I have a connective tissue disorder (Diagnosed) called Ehlers-Danlos III (EDS). Essentially, it is a collagen mutation that causes all sorts of weird shit to happen in my body, the most obvious of which is the fact that my joints can sprain from doing normal-life stuff and it makes me prone to tripping, falling, and damaging myself even further at times. At the same time as being diagnosed with EDS, I was diagnosed with Fibromyalgia. Now, I consider this to be a bullshit diagnosis, not that people who are diagnosed aren’t truly suffering, but that in and of itself Fibromyalgia is a wide series of disorders that doctors aren’t really looking into the cause of and are making tons of money finding meds to treat it without even knowing what the problem is.

My compulsive researcher side is the one that has taken it as her personal quest to find out as much about medical information as possible. This is both a good thing and a bad thing because it helps the system find new ways of helping the body heal and treat things without the drugs docs always throw at us that seem to always make us more sick. However, it also has an immense downside of having nearly ever doctor we’ve come across believe that we are a hypochondriac, particularly since some of our main medical records do note our depression/PTSD (I don’t believe that anywhere other than our military psych records holds the Dissociative NOS diagnosis).

The background of our medical stuff is as such: I’ve had problems tolerating heat and sunlight for most of my life. While other kids loved running around in the sun on the playground, I stayed to the trees and wasn’t as active. That isn’t to say that I didn’t go out in the sun at all, but I always started to feel sick pretty soon after being very active, particularly in heat and sunlight. I tried to explain these things to my parents, but it never seemed to come out right, and was chalked up to being dehydration or my imagination. I also constantly had joint pain and it would feel like I sprained my ankle any time I ran without slowly working into the run: Sprints as a child were like a nightmare for me because even though I was good at the speed for short distances, the pain in my ankles would be immense from the first two steps onward.
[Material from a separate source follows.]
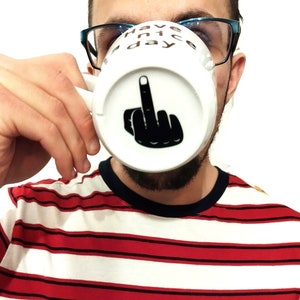 Peut inclure: Une tasse en céramique blanche avec un motif noir représentant une main faisant un geste du majeur sur le dessous extérieur. Le texte "Have a nice day" est imprimé en lettres noires près du bord supérieur de la tasse, munie d'une anse.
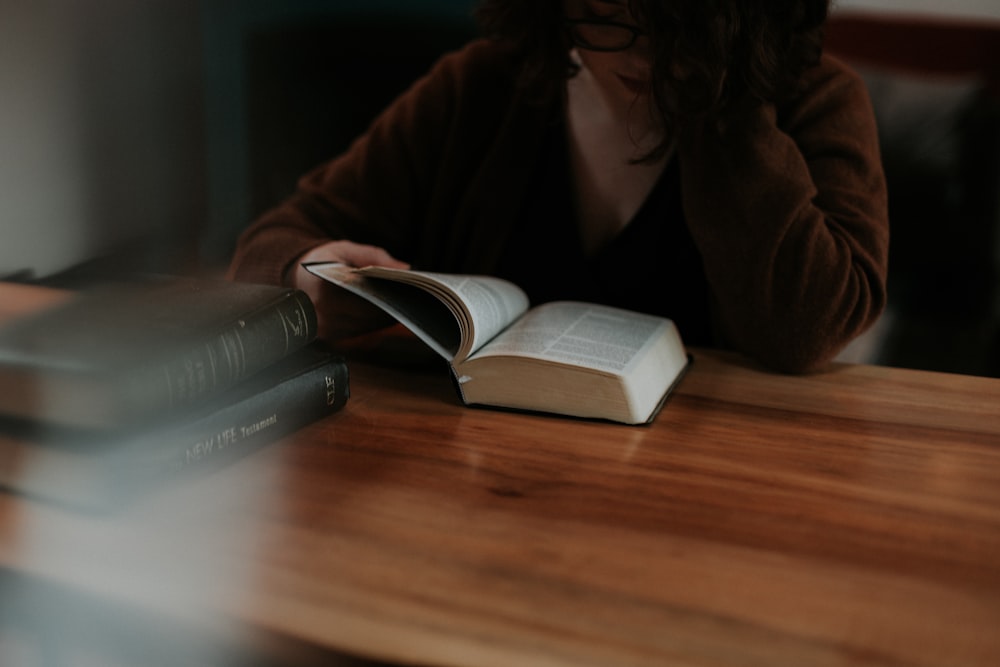 woman reading book on brown wooden table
Nobody believed me, so I kept going on, pushing through the pain, believing that everyone felt this way and I was just a wuss for not being able to handle what everyone else did easily. I got stomach aches each day at the same place in the drive to school. My dad thought I must be faking it and just trying to get out of school. I didn’t understand why since I loved learning, but they just dismissed it and I kept on going.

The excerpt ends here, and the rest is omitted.